Trump. Le nom le plus ressassé partout sur la planète, des milliards et des milliards de fois, le bruissement planétaire d’un film d’horreur. Ton paniqué, dégoûté, révolté mais aussi ébloui, ravi, réjoui. Trump. 47e président des États-Unis élu le 5 novembre 2024 « haut la main ». Une expression qu’un mauvais esprit pourrait rapprocher d’un salut nazi.
Trump, qui est dans l’outrance, suscite l’outrance. C’est sa combine, plus c’est gros, plus ça choque, plus ça marche. Les Haïtiens de Springfield (Ohio) « mangent les animaux de compagnie des gens qui vivent là-bas », ou bien c’est les enfants qui peuvent subir des chirurgies de transition de genre pendant leur journée à l’école. Votre fille revient de l’école transformée en garçon.
Au cours de la campagne, son adversaire démocrate Kamala Harris l’a qualifié de « fasciste ». Le mot est si usé qu’il n’a plus guère de sens sauf si on revoit l’assaut du Capitole le 6 janvier 2021.
L’historien Robert Paxton y voit les ingrédients du fascisme : autorité, ordre, peur du déclin et de l’autre.
Aujourd’hui, c’est un cabotin revanchard avec tous les pouvoirs qui est à la tête de la première puissance militaire mondiale.

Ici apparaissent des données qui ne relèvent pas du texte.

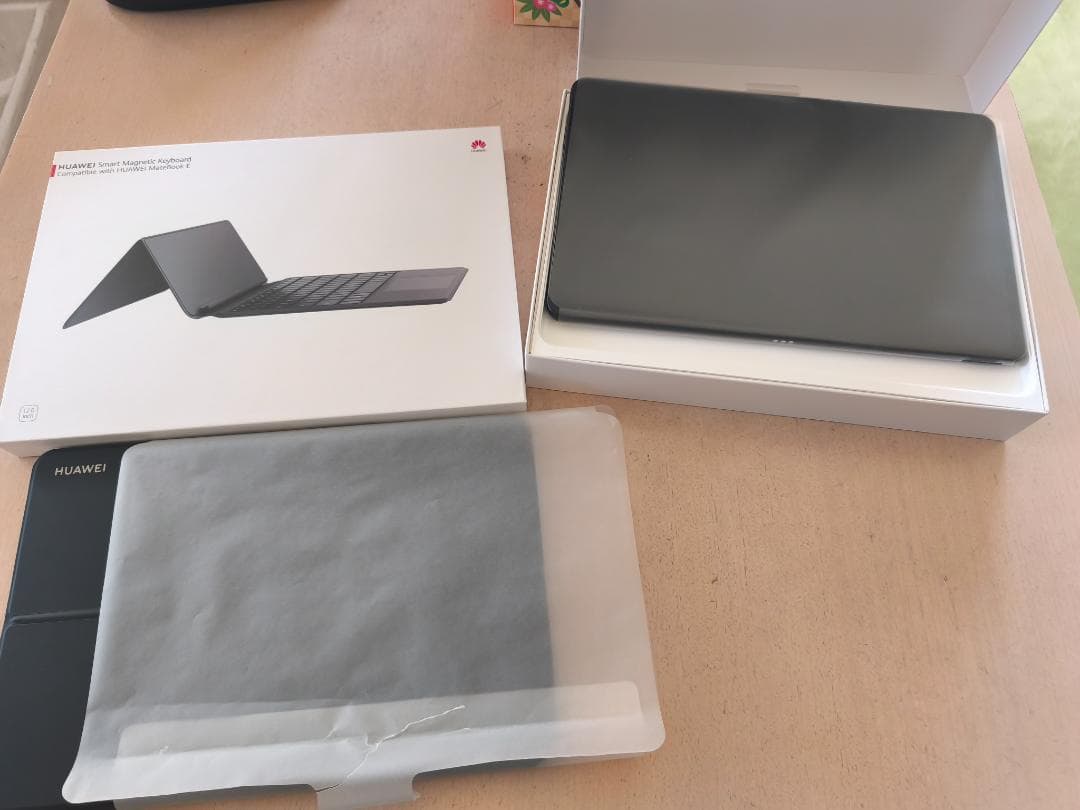 美品 Huawei MateBook E DRC-W38 純正キーボード付き - メルカリ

Mais qui a voté pour Trump et pourquoi ?
Chiffres et commentaires circulent à gros bouillon. En dehors du nouveau flop des sondages et des médias, on peut déjà retenir que les classes populaires « invisibilisées », en difficulté économique et sociale, constituent la majorité de son électorat, surtout les « sans diplômes » et plus seulement les électeurs blancs. Il progresse notamment chez les Latinos.
Les migrants des premières et deuxièmes générations s’inquiètent en effet de l’immigration clandestine, d’où sa promesse d’expulser 13 millions de clandestins, une déportation historique. Selon un sondage, 50 % des Américains y seraient favorables.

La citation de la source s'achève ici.